In that sector, a major shareholder is the Biscuit Industry. They have an approximately ₹ 35000 crore value and play the role of a protagonist in the consumption sector. Companies like Britannia, ITC, and Parle control 69% of this market.
So now, imagine, if this branch of the FMCG sector drops its sales by just 1 percent points, that’s a ₹350 crore loss, in an instant.
The ‘not-so-expected’ reason!
The leaders of various top Biscuit companies are currently blaming the GST tax regime and the advantage it is bestowing upon small and local biscuit manufacturers and sellers. Also, how local sellers would prefer high margin non-branded products over branded ones when it comes to selling at their shops and hence not allowing the big brands to target their rural/local consumer base.
Basically, they are what could be called a low-cost, high retail and high-profit alternative to the products of big brands like Britannia and Parle. “Many players are not tax-compliant and have a low operating cost which helps give high margins to retailers who push brands mostly in rural areas”, said Mayank Shah, category head, Parle products.
What is the current GST structure?
The Biscuit Industry falls under the 18% slab of the GST regime. This not only increases the cost of the product but also increases tax regime, compliance costs and in this case, difficulty in competing with local sellers. Mayank Shah is one of the many who is looking for a tax cut to help the industry.
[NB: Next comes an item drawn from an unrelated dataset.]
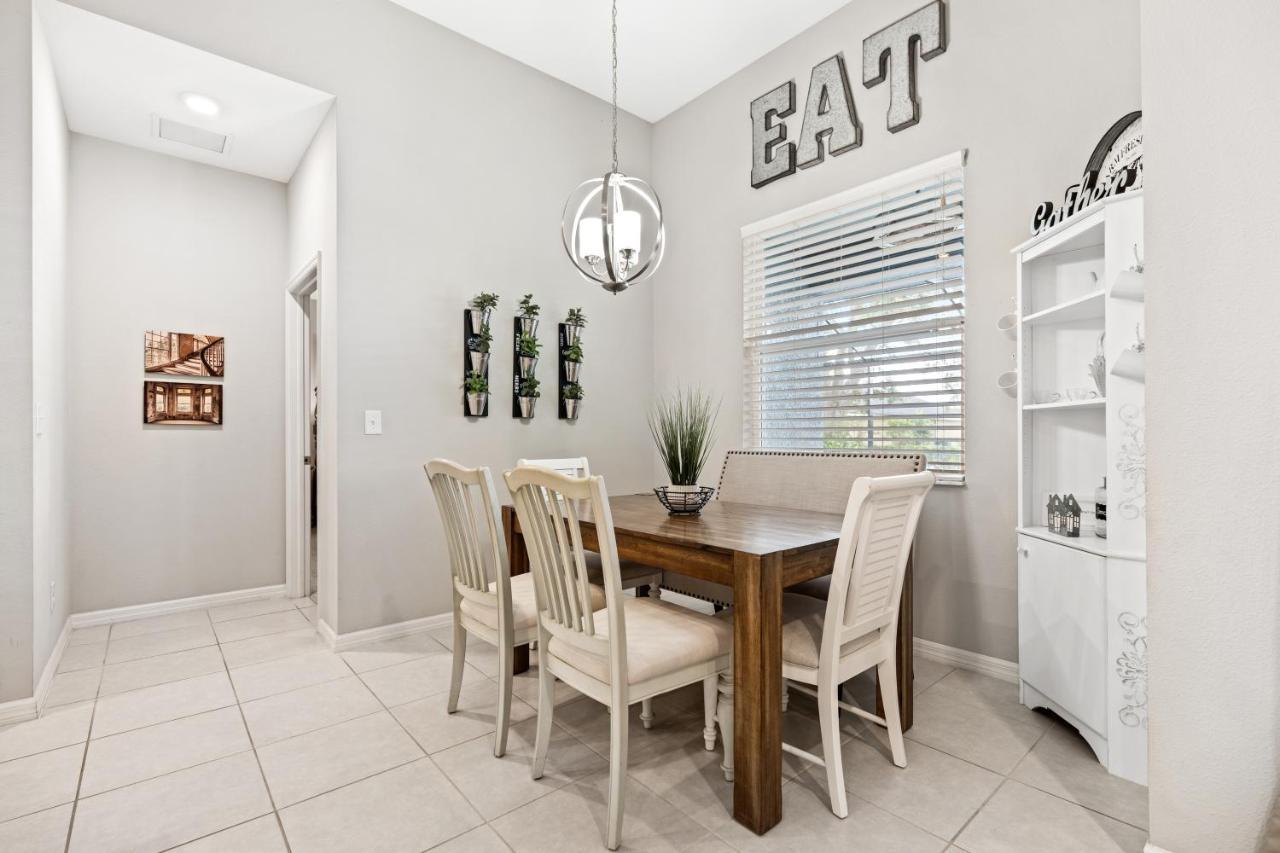 Beautiful Cape Coral Oasis! King Bed, Bbq, Heated Pool, Pvt Yard & Much More! 외부 사진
“Biscuits are a staple and the most basic packaged food products in the country. Rate should be reduced to 12% so that it can be effectively passed through price-cuts, which in turn, will boost consumption and make it level playing field,” said Varun Berry, managing director at Britannia Industries, the country’s largest biscuit maker.
The Biscuit Industry has been seeing a weak growth rate recently. Contrary to popular belief, about the positive impacts of GST and easing tax burden, the industry grew by 12% last year which is slower than the 14% in the year before. Moreover, the problem is not only in this industry. Various local producers with unbranded and loose packaging have been eating away at the sales of vast spread, high output and employment generating branded companies. Sectors like Tea, detergents, soaps, and Biscuits seem to be the starting targets.